A unique brain fingerprint may help identify the most beneficial therapeutic intervention for individual patients with neurologic disorders such as Alzheimer's disease (AD), potentially sparing millions from undergoing ineffective treatment, new research suggests.
Investigators used computational brain modeling and artificial intelligence techniques to analyze positron emission tomography (PET) and MRI from over 300 patients with the AD and healthy controls.
They found that the personalized therapeutic intervention fingerprint (pTIF) predicted the effectiveness of targeting biological factors, such as brain amyloid/tau deposition, inflammation, and neuronal functional dysregulation, to control the patient's disease course.
Moreover, patients who shared a given pTIF subtype had similar gene expression, which supported the relevance of the pTIF framework in biomarker-driven assisted therapeutic interventions.
"Although needing further validation, the introduced concept is a promising tool for patient stratification," lead author Yasser Iturria-Medina, PhD, assistant professor, Department of Neurology and Neurosurgery, Faculty of Medicine, McGill University, and primary investigator, Ludmer Centre for Neuroinformatics & Mental Health, Montreal, Quebec, Canada, told.
"It has broad implications for both the future identification of effective individualized treatments and the selective enrollment of patients in clinical trials and could provide a more effective medical care assisted by individual sophisticated models, undesired secondary effects, and the substantial reduction of pharmaceutical/clinical costs," he said.
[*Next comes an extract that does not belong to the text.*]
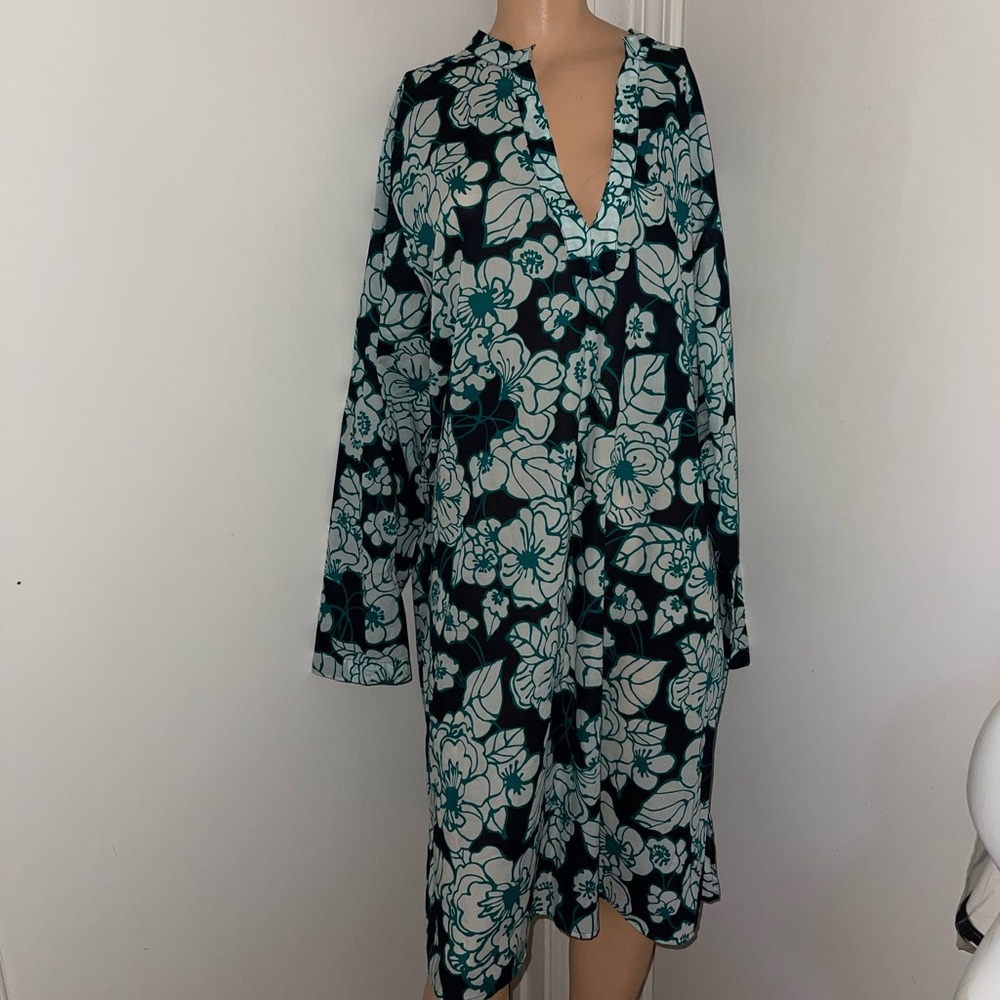 LANDS END Floral Print Long Sleeve light weight summer swim cover Dress 2X 22 24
Pinpointing Optimal Interventions
Unlike "generalized medicine," personalized medicine (PM) is "based on the optimization of treatment plans for individual patients through consideration of particular characteristics," such as molecular, macroscopic, and medical information, the authors noted.
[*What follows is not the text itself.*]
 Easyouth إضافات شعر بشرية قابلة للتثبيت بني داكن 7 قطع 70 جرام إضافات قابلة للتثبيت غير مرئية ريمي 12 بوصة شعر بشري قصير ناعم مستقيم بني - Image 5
Previous studies of PM have been limited by misuse of association analyses, incorrect extrapolation of group-based statistical inferences for identifying individual disease biomarkers, and the "paradoxical confidence in broad clinical/cognitive categories for validating new patient subtypes," they add.
Recent advances in brain modeling using network-based approaches have focused on the spreading of normal and pathological functional signals or local interactions among different biological factors, and dynamic network modeling has contributed to understanding dissimilar brain mechanisms.
Additional work has used control theory to predict the functional and cognitive response of the brain under the influence of external experimental interventions.